I was recently asked to contribute to a whitepaper on avoiding and mitigating risk; my thoughts were focused on the enormous value of succession planning. For all nonprofits, some level of risk helps drive innovation and the successful balancing act hinges on taking smart risk. Below are excerpts of this exceedingly well written document, ultimately developed by Green Hasson Janks:

Many nonprofits are founded to address a specific issue, and the founders have invested an enormous amount of time and effort in getting up and running. With limited resources, they turn their passion into a working organization. But when nonprofits are successful, they grow, and they can outgrow the managerial abilities of their founders. Alternatively, a longstanding, successful nonprofit will need to fill open positions that are key to organizational success. In either scenario, nonprofits must be prepared for a smooth transition — otherwise, there is a risk that revenue and mission can be impacted. We interviewed nonprofit recruiter Shelli Herman, founder and president of Shelli Herman and Associates, and asked her to give us insight into the complicated process of succession planning.

“Most nonprofits feel they aren’t preparing for leadership succession very well,” Herman notes. “There are a couple of things they can do now, however: first, identify where there may be opportunities for succession at the senior level; second, start thinking about who you can train internally for other roles; and third, develop a point of view about external hiring. The truth is that world class nonprofits are doing a lot of solid internal succession planning work, but being this proactive is not as common. The result is that people leave and the organization goes into panic mode. Herman adds, “When a position opens up, the organization needs to come up with a meaningful job description and formulate a search committee that is an agent of the board. The entire board should not be executing the process — it needs to be a lean, agile subset of the board.”

The mistakes Herman sees nonprofits make in succession planning and recruiting include:


  2. LOOKING FOR SOMEONE EXACTLY LIKE THE CURRENT CEO. When change is afoot, organizations have to sit back and recognize that this is a perfect opportunity to make change, to possibly reboot and to rethink such that they make the organization more prepared for future growth and opportunity. When an organization gets comfortable, it’s a recipe for trouble.

  3. THE WRONG FIT. The organization views that there is an internal candidate (that may be the COO or a different #2 person), but once that person is actually in the job, the board discovers that this individual is actually not the right person. The same thing can happen with an external candidate; someone can interview well and be the successful placement, but once he or she is in the job, boots on the ground, you realize it is a cultural misfire. Both can happen, and there are risks both ways. Herman adds, “An organization can’t mitigate every risk regarding hiring, but it can have a comprehensive approach to help lessen risk that includes:

1. A THOROUGH INTERVIEW PROCESS. To reduce errors, a nonprofit should aim for a process where it asks thorough questions and performs reference checks and has many different people interview the candidates. This may include board members, staff, critical stakeholders, donors and other people with contemporary insight into the organization. 2. GOOD ONBOARDING. If poorly done, the person is set up to fail. 3. STAYING INVOLVED. The board can’t check out once the person starts. Being exhausted after the search is not an excuse. Be involved and make sure things are going well.”

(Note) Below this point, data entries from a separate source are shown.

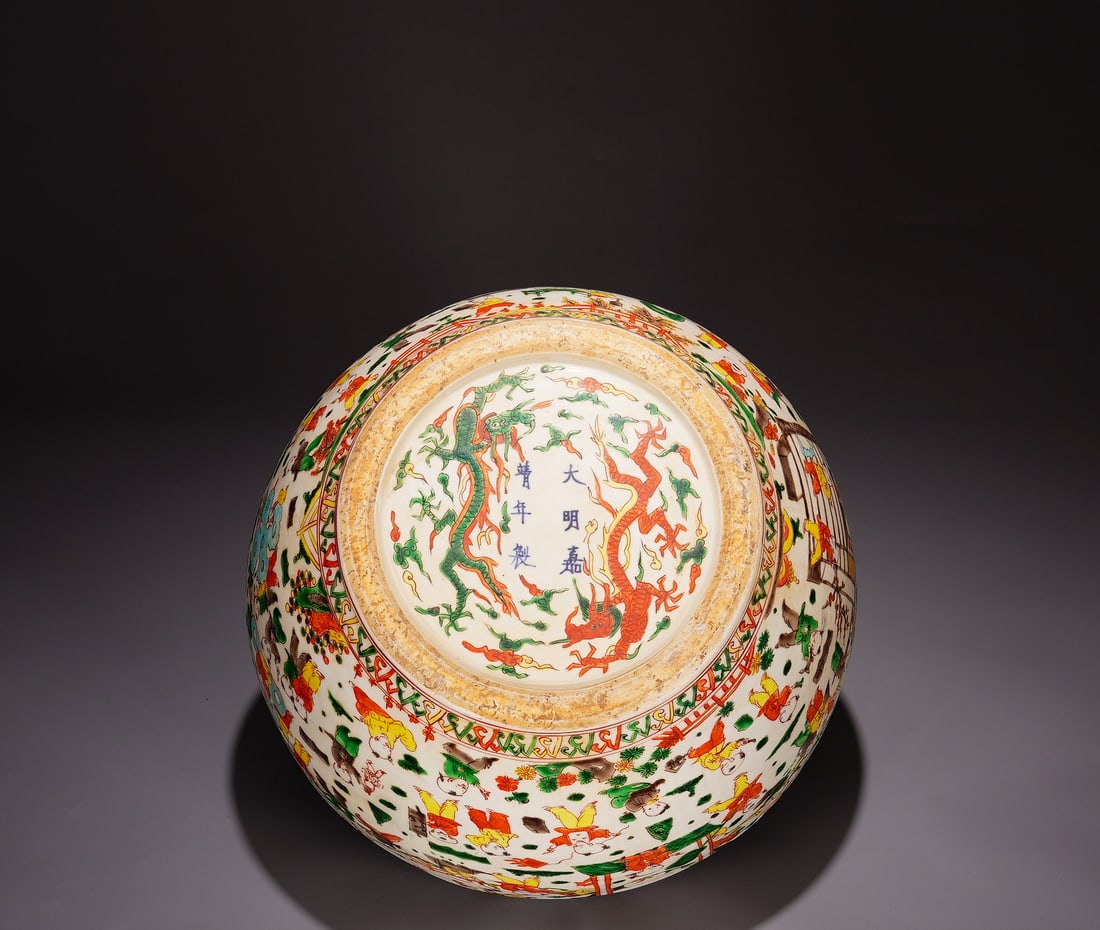 A Exquisite Wucai Figures Pattern Jar - 8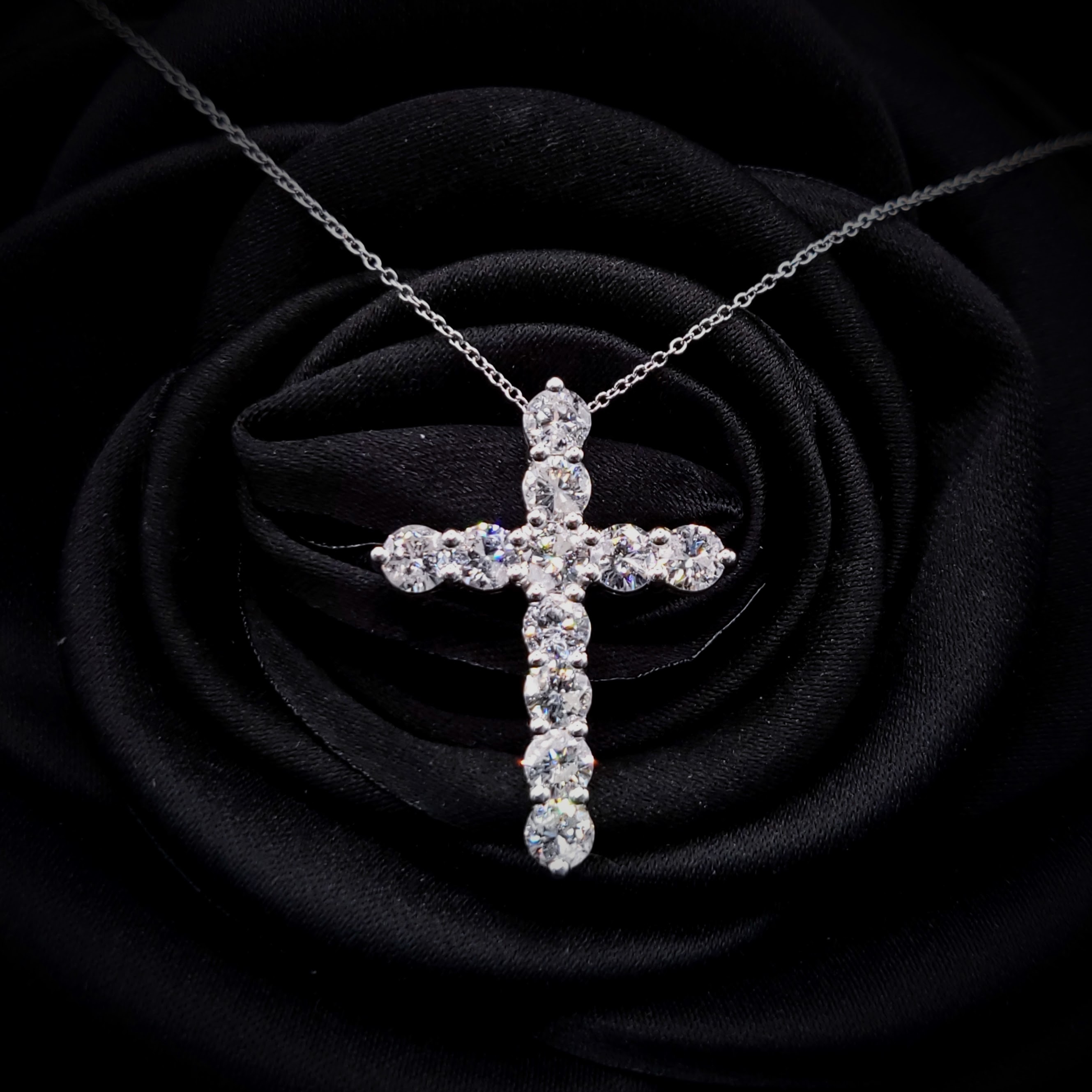 18K White Gold 2.43ct Diamond Pendant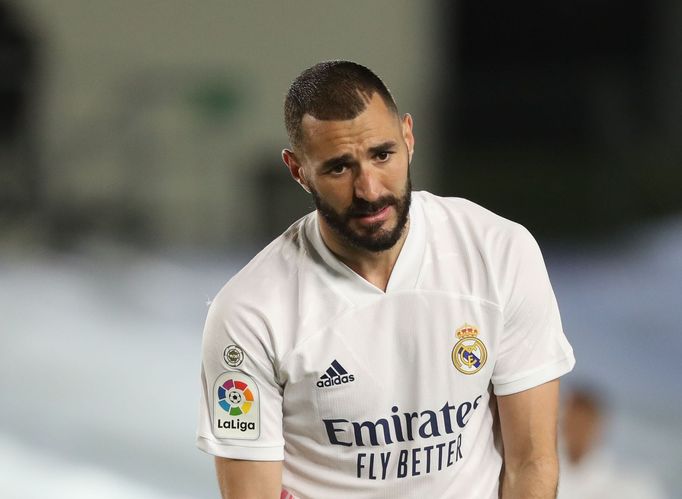 Zklamaný Karim Benzema v zápase Realu proti Seville.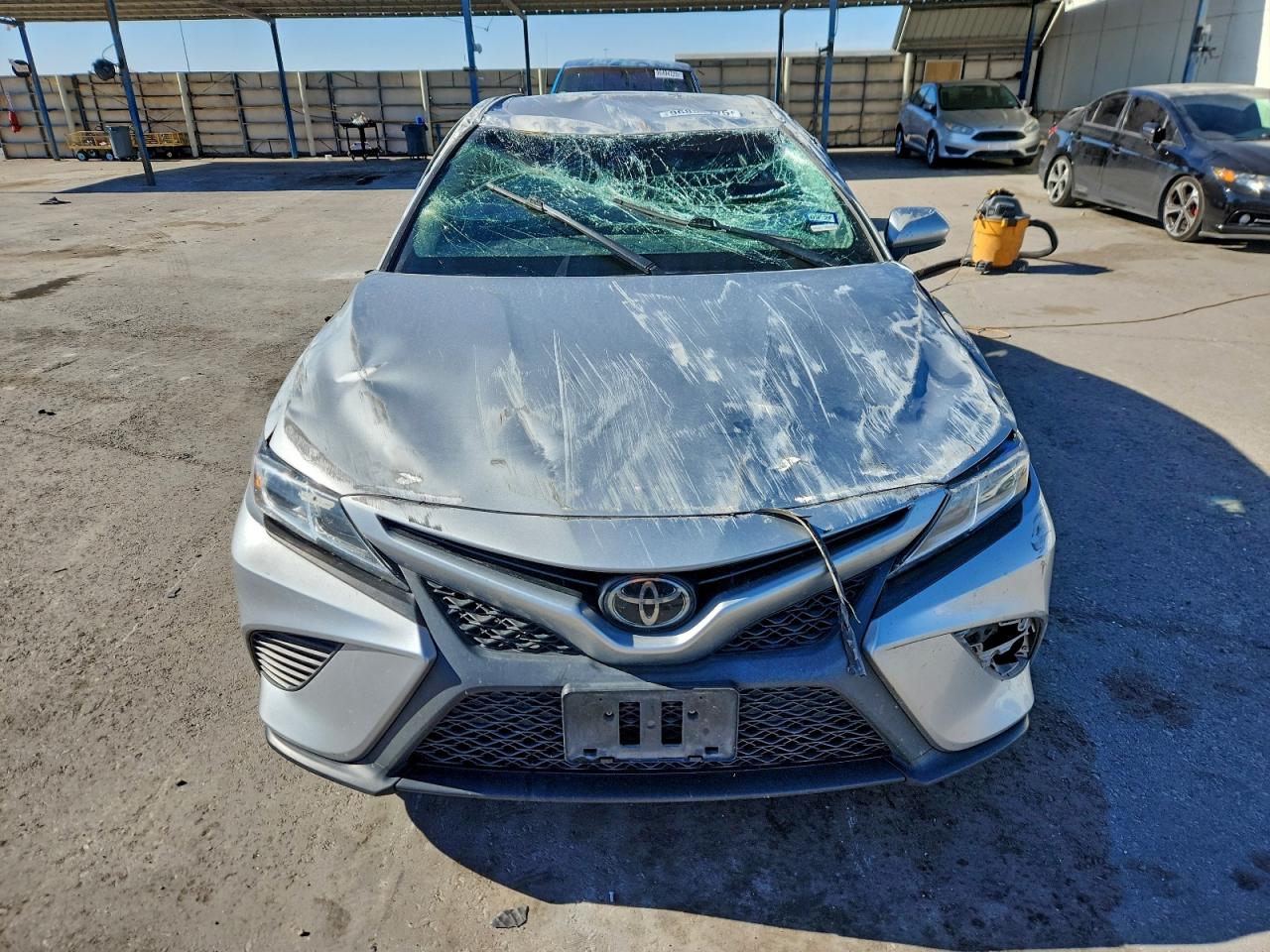2018 TOYOTA CAMRY L photo 5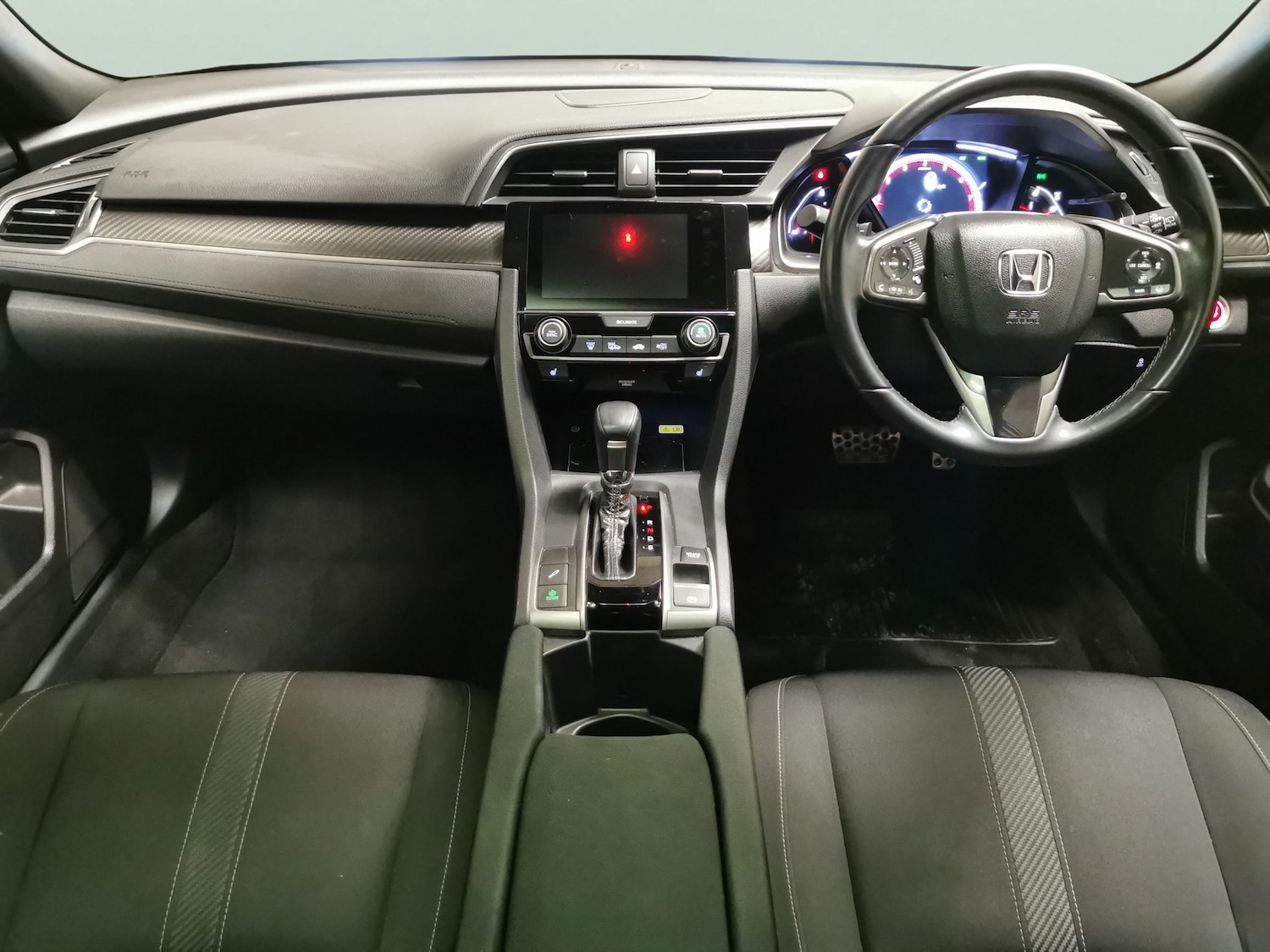 Used Honda Civic 2018 for sale - 77902167: Photo 5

CASE STUDY: THE SOLUTION MAY BE CLOSE BY! Shelli Herman conducted a recent CEO search for a nonprofit that was stable but not growing. The board felt strongly that the right candidate would be someone from outside the organization. The other complicating factor was that the organization was reacting to some of the less favorable traits of their outgoing CEO. Organizations often err on the side of looking for someone so different from prior leaders that they swing too far from center and end up making mistakes in the hiring process. In the end, and after a comprehensive national search, the board ended up hiring someone inside the organization; they felt that this individual had both institutional memory and a profound understanding of the culture, and they would be able to advance the organization in a way that would be sustainable. The board was not complacent, but realistic about how change might best occur organizationally.

As Herman indicates, succession planning extends beyond just the CEO, to the roles that matter most in the future. Donella Wilson [Partner, Nonprofit Practice Leader, Green Hasson Janks] notes that every organization should have strategies to manage and develop multigenerational talent — if an organization does not invest in the professional development of its leaders, then retention of future leaders is in jeopardy. Such strategies could include participation in external professional development courses but also participation in internal decision making — in other words, allowing talent to have a voice in leadership.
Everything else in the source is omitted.